Today’s (18 November 2021) heavily leaked announcement that the HS2 high speed rail line will not be built to Leeds has big implications, good and bad, for South Leeds.
The latest version of the HS2 plans had the new railway entering the city through Stourton and Hunslet on a viaduct and arriving at a new station on the south bank of the River Aire stretching from Asda House to Crown Point Retail Park. These plans will not now go ahead and the related jobs in construction and businesses in the station complex won’t be created.
In its Integrated Rail Plan, the Government, acknowledging that Leeds has missed out on major transport infrastructure yet again has said it will fund a West Yorkshire Mass Transit System. It has committed £200 million to plan and start work on the scheme which could include trams or light rail. Early plans, reported here, indicated lines running from the city centre through Beeston and through Hunslet – Belle Isle – Middleton to Tingley.

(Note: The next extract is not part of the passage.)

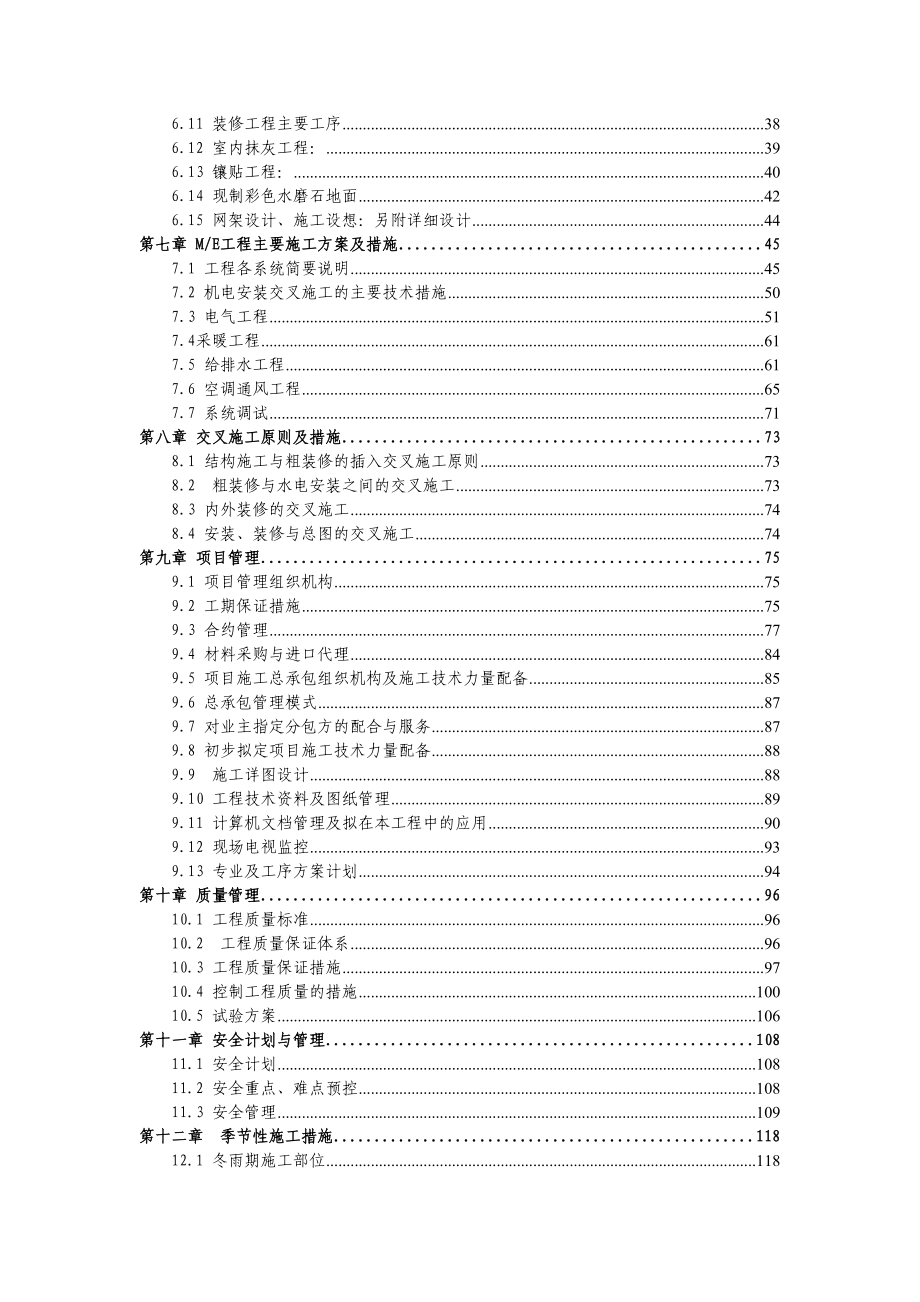 北京某美术学院迁建工程施工招标文件施工组织总设计.DOC_第3页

Both Leeds City Council and Transport For The North were very disappointed by today’s announcement. Council Leader Cllr James Lewis said:
“After more than 10 years of effort, investment and planning based on the government’s clear proposal to bring HS2 to Leeds, we have been left extremely disappointed and frustrated by today’s announcement which only offers more studies, reviews and uncertainty for high-speed connections to our city – but, sadly, we are not surprised.”

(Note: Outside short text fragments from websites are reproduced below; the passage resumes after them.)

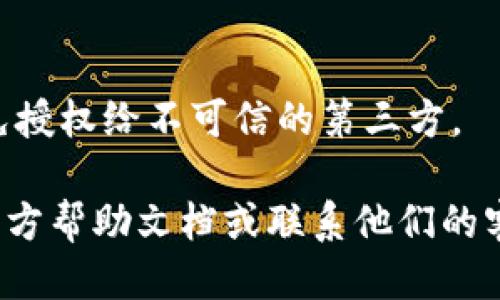 要查看或管理TPWallet的授权链接，您可以按照以下几个步骤进行操作：

### 1. 登录TPWallet

首先，您需要用您的账号和密码登录TPWallet。确保您使用的是官方链接，以避免钓鱼网站。

### 2. 访问设置或账户管理

登录后，通常在您的账户或设置页面，您可以找到与授权管理相关的选项。这些选项可能列在“安全设置”或“账户设置”中。

### 3. 查找授权链接

在授权设置中，您可能会看到已授权的应用或服务的列表。这里的每一条记录都可能包含授权链接的信息，可以帮助您查看哪些应用或服务已访问您的账户信息。

### 4. 管理授权

如果您发现任何不再需要的授权，可以选择取消授权。一般会有一个“撤销”或“删除”授权的按钮，点击后即可完成操作。

### 5. 注意安全

在管理授权链接时，确保您了解每个链接所对应的应用或服务，避免授权给不可信的第三方。

如果您需要更详细的帮助或具体的操作指引，请查看TPWallet的官方帮助文档或联系他们的客服支持。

He went on to say that the existing station is coping with record numbers of passengers; that there is no scope for extra services to run on the existing lines running into Leeds from the west and called for an overhaul of national transport decision making. He concluded:
“We remain determined to make sure that this is the last time a major project benefiting Leeds is cancelled.”

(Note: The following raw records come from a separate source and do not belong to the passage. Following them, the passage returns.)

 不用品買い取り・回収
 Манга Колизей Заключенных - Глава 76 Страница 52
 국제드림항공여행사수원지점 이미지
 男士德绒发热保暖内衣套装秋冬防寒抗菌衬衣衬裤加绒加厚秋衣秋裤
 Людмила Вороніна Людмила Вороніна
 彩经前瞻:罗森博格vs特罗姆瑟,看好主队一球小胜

You can read his full statement by clicking here.
Cllr Louise Gittens, Interim Chair of Transport for the North commented
“Today’s announcement is woefully inadequate. After decades of underfunding, the rail network in the North is not fit for purpose. It is largely twin-track Victorian infrastructure trying to cope with the demands of a 21st Century economy. Leaders from across the North and from across the party political divide came together to ask for a network that would upgrade the North for this century and in line with the rest of the country. Our statutory advice asked for an over £40 billion network but the Government has decided to provide even less than half of that.”